If a line below falls between the line with "Speed Camera Detector Pro Cover" and the line with "Joaquín Márquez", or is one of those two, output it exactly; output nothing else and no pictures.

DATASET CONTENT =
#####

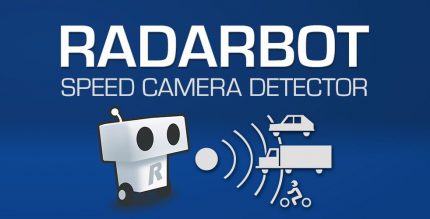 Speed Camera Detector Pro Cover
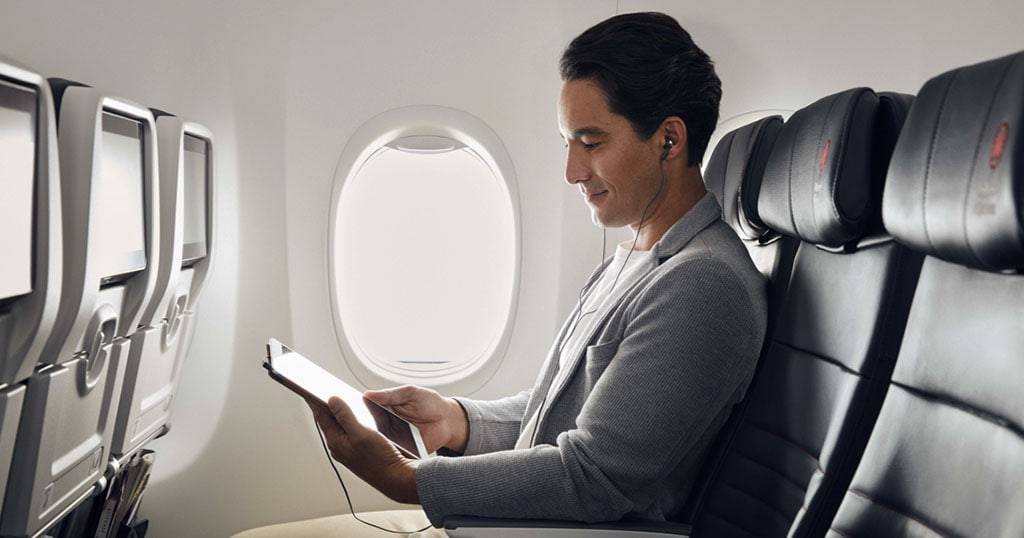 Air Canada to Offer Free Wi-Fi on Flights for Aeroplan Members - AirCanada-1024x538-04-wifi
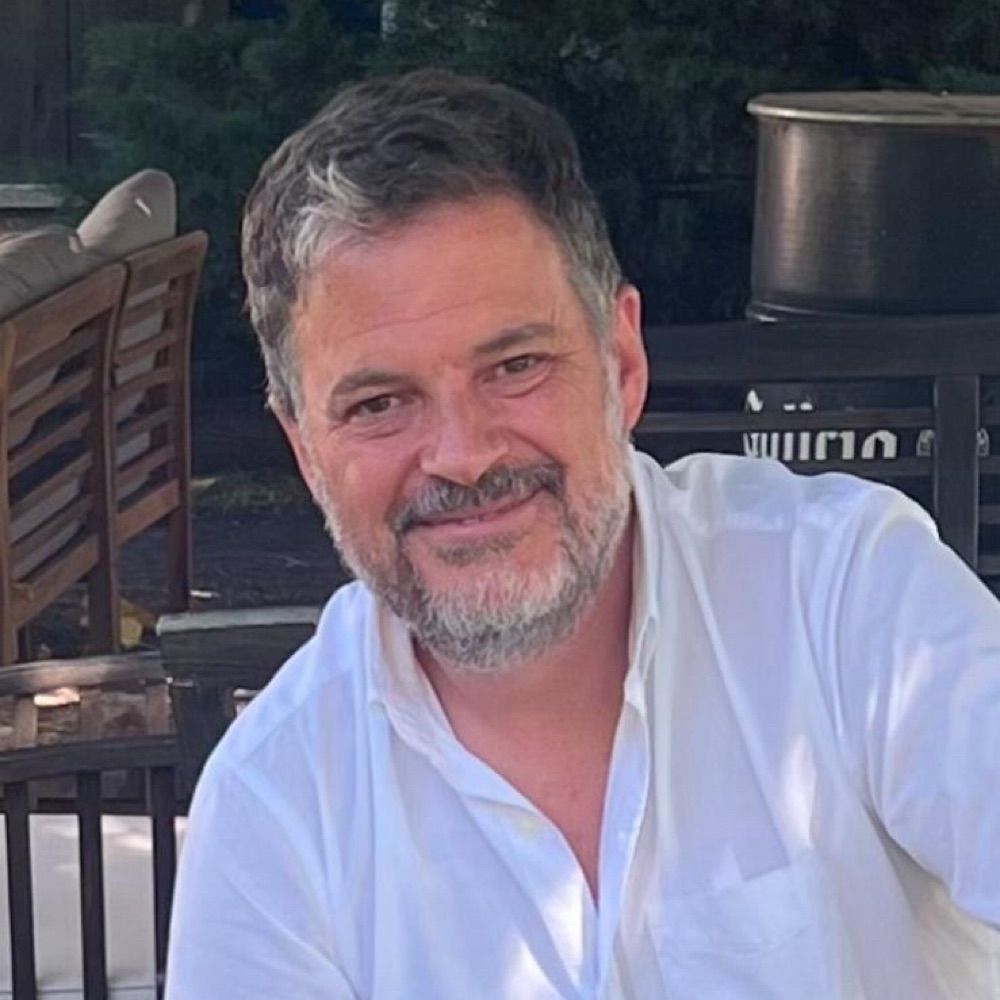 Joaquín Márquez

#####

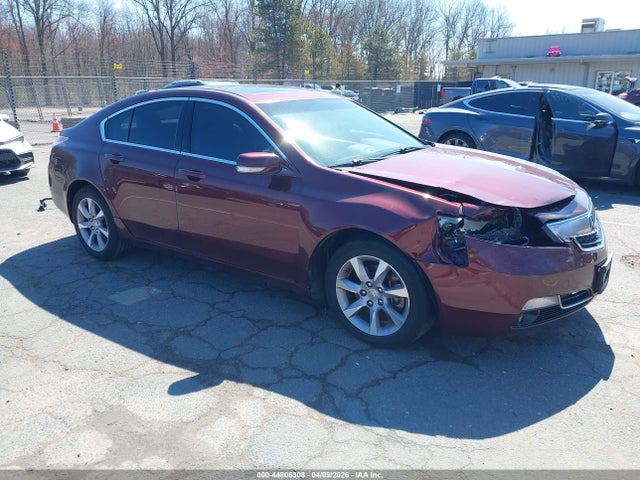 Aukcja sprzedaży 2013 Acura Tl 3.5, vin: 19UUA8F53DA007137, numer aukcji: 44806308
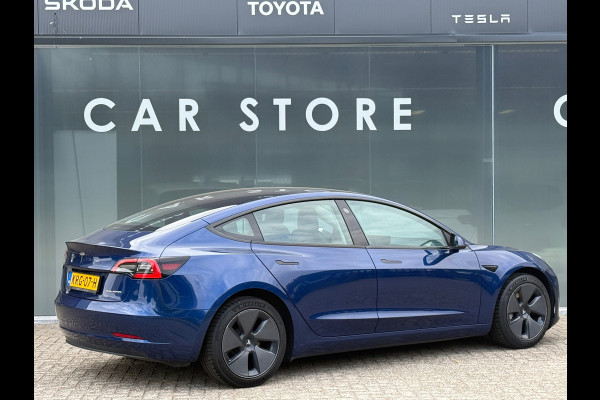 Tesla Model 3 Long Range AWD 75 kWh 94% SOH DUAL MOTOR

#####

SOLUTION TO THE EXERCISE =
 Speed Camera Detector Pro Cover
 Air Canada to Offer Free Wi-Fi on Flights for Aeroplan Members - AirCanada-1024x538-04-wifi
 Joaquín Márquez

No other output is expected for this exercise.